3.2. Gelet op al het vorenstaande heeft de gemeente volgens De Burd c.s. de betrokken belangen zodanig onevenwichtig afgewogen, dat zij in redelijkheid niet heeft kunnen komen tot vaststelling van de verordeningen die strijdig zijn met het tussen De Burd c.s. en de gemeente gesloten (gewijzigde) convenant. Deze verordeningen, waarvan de uitvoering onrechtmatig is jegens De Burd c.s., moeten dan ook als onmiskenbaar onverbindend worden aangemerkt en dienen daarom door de voorzieningenrechter buiten werking te worden gesteld, althans de gemeente dient daartoe te worden verplicht, aldus De Burd c.s.
3.3. De gemeente voert gemotiveerd verweer, dat hierna - voor zoveel nodig - aan de orde zal komen.
4. De beoordeling van het geschil
4.1. Ten aanzien van het door de gemeente gedane beroep op misbruik van procesrecht overweegt de voorzieningenrechter als volgt.
4.2. Vooropgesteld wordt dat aan een (eerder) vonnis in kort geding geen gezag van gewijsde toekomt, nu een zodanig vonnis slechts voorlopige oordelen en beslissingen bevat waaraan partijen in een bodemprocedure of een later kort geding niet zijn gebonden. De rechter in (een volgend) kort geding is verplicht om op alle in overeenstemming met de regelen van procesrecht aangevoerde relevante stellingen van partijen acht te slaan, ook als deze reeds in een eerder kort geding tussen dezelfde partijen naar voren gebracht hadden kunnen worden, maar niet naar voren gebracht zijn. Dit lijdt slechts uitzondering, wanneer de betreffende partij door pas in het tweede kort geding deze stellingen in te roepen, misbruik van procesrecht zou maken. Dit zal zich kunnen voordoen, wanneer deze stellingen, in weerwil van een redelijk belang van de tegenpartij dat daarop reeds destijds terstond zou worden beslist, in het eerdere kort geding zonder redelijke grond zijn achtergehouden. (zie HR 8 oktober 1993, NJ 1994, 508).
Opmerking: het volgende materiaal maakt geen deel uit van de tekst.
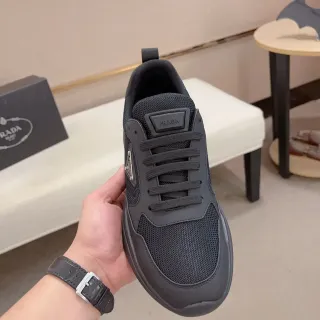 Prada Chaussures Lifestyle Noires Monochromes en Maille et Superposition Synthétique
De enkele omstandigheid dat de eisende partij niet in hoger beroep is gekomen van een (zoals in dit geval, afwijzend) vonnis in een eerder kort geding waarin hij mede dezelfde feiten aan zijn vordering ten grondslag had gelegd, behoeft niet mee te brengen dat de rechter in het tweede kort geding zich moet onthouden van een (herhaald) onderzoek van die feiten. Wel kan dat achterwege laten van hoger beroep onder omstandigheden bijdragen tot het oordeel dat het opnieuw en op dezelfde inhoudelijke gronden in kort geding vorderen van een eerder in kort geding geweigerde voorziening misbruik van procesrecht oplevert (zie HR 16 december 1994, NJ 1995, 213).
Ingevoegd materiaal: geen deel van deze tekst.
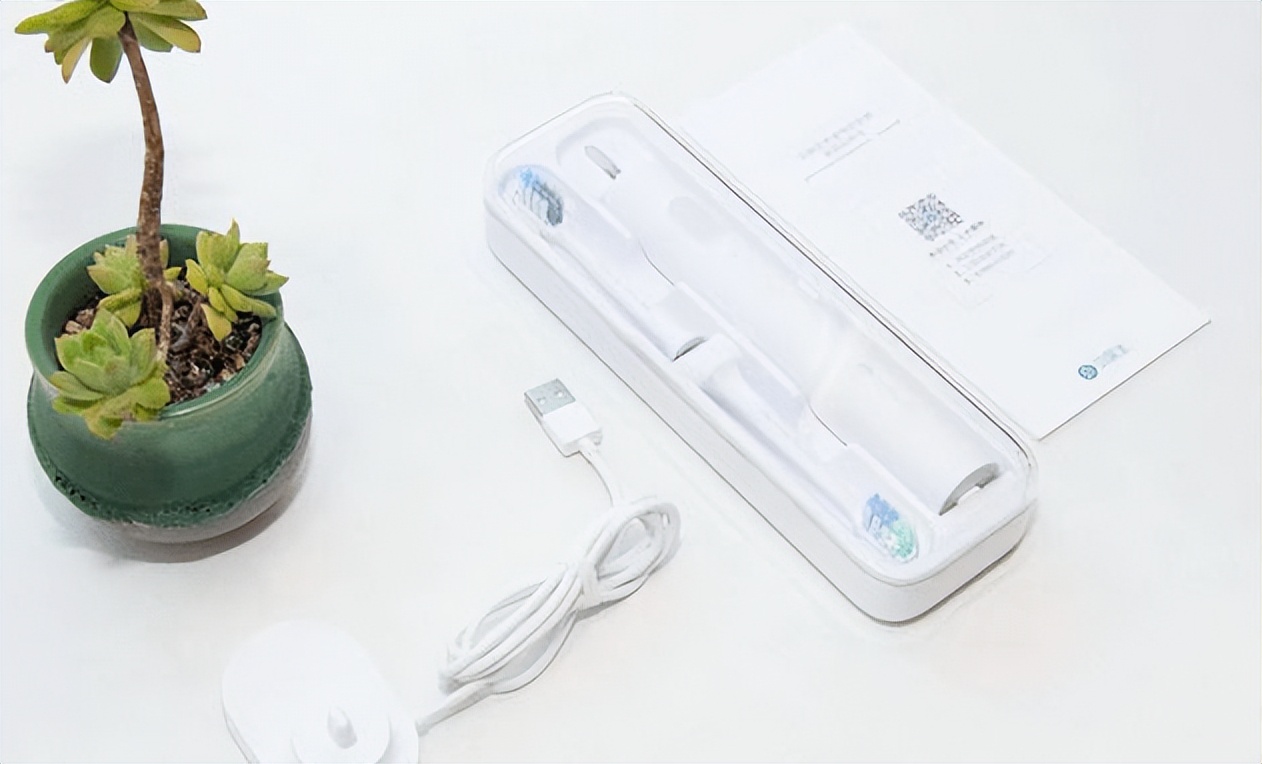 小米电动牙刷和拜尔电动牙刷,小米电动牙刷飞利浦电动牙刷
4.3. In het onderhavige kort geding is er naar het oordeel van de voorzieningenrechter geen sprake van misbruik van procesrecht zijdens De Burd c.s. Daartoe is in de eerste plaats van belang dat er thans een andere vordering - het buiten toepassing verklaren althans laten van gemeentelijke verordeningen - is ingesteld dan in het eerdere kort geding, waarin slechts nakoming van met de gemeente (vermeend) gemaakte afspraken werd gevorderd. Bovendien wordt in dit kort geding een andere inhoudelijke grond aangevoerd voor de gevraagde voorzieningen, namelijk dat de gemeente in strijd met het evenredigheidsbeginsel heeft gehandeld, doordat zij bij vaststelling van de litigieuze verordeningen de betrokken belangen zodanig onevenwichtig zou hebben afgewogen dat zij in redelijkheid niet tot vaststelling van deze verordeningen heeft kunnen komen. Deze grond hebben De Burd c.s. in het eerdere kort geding niet aan hun vorderingen ten grondslag gelegd. Niet gebleken is van feiten of omstandigheden die maken dat moet worden geoordeeld dat deze grond in het eerste kort geding zonder redelijke grond is achtergehouden. Gelet op het vorenstaande faalt het verweer van de gemeente en kunnen De Burd c.s. in hun vorderingen worden ontvangen.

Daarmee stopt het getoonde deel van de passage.